Mia moglie smette di bussare, di parlare, magari di esistere. Allontano le mani dalle orecchie: si sente il vociare alla piscina e niente altro. Mi avvicino alla porta del bagno, ma poi cambio idea ed esco dalla finestra.
Raggiungo il gruppo rumoroso della piscina, bevo un bicchiere di una cosa rossastra, ne bevo un altro e un altro ancora.

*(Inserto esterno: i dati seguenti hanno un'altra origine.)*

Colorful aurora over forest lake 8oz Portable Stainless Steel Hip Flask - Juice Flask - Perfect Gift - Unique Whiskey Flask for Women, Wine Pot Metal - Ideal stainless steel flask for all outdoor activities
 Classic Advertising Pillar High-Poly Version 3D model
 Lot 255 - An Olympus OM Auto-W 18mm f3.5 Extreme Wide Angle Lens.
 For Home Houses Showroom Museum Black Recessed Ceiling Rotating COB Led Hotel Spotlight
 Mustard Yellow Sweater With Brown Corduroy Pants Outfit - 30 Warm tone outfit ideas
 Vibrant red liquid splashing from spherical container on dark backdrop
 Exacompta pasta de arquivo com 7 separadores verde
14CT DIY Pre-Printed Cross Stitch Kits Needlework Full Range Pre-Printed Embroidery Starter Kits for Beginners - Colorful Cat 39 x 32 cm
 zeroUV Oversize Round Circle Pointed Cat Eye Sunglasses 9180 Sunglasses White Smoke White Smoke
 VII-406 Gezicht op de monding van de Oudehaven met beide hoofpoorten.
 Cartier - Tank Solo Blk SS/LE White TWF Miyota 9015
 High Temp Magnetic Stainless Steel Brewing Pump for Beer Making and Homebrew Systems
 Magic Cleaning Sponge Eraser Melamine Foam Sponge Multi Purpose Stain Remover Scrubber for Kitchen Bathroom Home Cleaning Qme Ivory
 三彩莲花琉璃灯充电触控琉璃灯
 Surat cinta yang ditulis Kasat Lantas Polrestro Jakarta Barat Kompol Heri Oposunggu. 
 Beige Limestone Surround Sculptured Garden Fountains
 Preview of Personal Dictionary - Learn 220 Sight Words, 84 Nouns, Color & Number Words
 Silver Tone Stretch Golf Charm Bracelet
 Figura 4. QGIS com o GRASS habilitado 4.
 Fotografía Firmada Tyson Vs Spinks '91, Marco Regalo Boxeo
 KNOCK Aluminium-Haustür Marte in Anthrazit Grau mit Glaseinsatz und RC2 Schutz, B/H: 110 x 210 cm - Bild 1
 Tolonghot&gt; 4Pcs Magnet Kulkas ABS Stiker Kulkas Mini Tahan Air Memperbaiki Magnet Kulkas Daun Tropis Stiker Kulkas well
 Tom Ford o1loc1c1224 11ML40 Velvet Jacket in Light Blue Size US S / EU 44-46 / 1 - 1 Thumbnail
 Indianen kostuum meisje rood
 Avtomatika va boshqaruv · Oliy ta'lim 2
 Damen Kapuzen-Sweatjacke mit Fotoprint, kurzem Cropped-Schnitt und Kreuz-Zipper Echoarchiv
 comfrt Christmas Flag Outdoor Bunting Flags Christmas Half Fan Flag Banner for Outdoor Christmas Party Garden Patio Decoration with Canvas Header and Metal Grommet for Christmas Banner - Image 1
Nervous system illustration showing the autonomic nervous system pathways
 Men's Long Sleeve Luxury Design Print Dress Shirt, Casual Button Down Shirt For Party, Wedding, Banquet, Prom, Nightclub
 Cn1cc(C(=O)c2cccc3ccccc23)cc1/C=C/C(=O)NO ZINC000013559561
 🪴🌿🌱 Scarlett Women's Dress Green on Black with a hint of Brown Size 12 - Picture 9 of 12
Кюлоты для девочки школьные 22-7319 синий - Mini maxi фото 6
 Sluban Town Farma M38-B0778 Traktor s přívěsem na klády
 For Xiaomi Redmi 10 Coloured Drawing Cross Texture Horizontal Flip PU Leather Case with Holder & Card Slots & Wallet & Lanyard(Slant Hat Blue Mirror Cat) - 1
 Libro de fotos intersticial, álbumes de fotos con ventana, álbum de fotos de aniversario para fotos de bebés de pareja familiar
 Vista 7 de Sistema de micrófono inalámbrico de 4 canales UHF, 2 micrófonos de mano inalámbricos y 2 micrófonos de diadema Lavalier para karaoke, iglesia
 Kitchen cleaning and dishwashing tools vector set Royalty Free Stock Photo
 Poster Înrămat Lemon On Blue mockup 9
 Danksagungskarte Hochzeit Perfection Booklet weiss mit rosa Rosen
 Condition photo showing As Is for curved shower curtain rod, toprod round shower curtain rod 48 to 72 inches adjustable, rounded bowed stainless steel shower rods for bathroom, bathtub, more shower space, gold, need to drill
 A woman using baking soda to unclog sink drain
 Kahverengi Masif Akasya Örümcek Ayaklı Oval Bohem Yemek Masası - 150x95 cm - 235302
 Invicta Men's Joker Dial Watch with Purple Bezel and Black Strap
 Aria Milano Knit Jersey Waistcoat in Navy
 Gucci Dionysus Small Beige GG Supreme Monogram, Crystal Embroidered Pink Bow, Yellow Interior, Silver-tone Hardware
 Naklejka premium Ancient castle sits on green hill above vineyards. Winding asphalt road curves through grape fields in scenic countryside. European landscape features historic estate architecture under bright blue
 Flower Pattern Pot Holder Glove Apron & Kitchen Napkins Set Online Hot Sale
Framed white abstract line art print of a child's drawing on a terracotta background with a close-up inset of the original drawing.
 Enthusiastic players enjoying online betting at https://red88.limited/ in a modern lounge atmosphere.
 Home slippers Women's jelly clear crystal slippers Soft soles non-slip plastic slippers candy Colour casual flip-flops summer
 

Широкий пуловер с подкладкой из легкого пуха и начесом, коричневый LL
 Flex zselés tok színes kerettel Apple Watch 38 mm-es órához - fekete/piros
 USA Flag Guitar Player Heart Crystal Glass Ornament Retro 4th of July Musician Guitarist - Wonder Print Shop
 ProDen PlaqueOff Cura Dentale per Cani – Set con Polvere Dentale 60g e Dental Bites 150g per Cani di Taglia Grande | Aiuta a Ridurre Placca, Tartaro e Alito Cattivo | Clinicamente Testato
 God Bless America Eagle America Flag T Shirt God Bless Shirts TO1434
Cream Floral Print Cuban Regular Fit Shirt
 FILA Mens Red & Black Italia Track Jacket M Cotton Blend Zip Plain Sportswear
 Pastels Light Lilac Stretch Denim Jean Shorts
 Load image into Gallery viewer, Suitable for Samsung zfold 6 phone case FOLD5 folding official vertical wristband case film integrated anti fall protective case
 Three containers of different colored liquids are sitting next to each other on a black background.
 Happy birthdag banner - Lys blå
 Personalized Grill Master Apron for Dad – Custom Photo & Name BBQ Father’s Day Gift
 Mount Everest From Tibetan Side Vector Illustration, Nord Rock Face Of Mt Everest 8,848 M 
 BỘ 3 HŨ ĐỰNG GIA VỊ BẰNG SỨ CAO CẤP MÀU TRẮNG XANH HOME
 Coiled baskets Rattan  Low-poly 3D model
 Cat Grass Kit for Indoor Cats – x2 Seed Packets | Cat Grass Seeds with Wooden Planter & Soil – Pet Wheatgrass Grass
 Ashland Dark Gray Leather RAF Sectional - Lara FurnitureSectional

“Tutto bene?” mi chiede Maurizio Consolo, il padrone di casa.
Io sorrido annuendo in progressione, come se fosse vero che va tutto bene.
“Tua moglie è sempre bellissima” afferma lui guardandosi intorno, in cerca di conferme.
“Si, bellissima” dico perdendo il sorriso, e forse per sempre.
“Un giorno o l’altro devo farti vedere la mia biblioteca” dice Maurizio appoggiandomi una mano alla spalla destra.
“Si, mi farebbe piacere” dico pensando a Bukowski.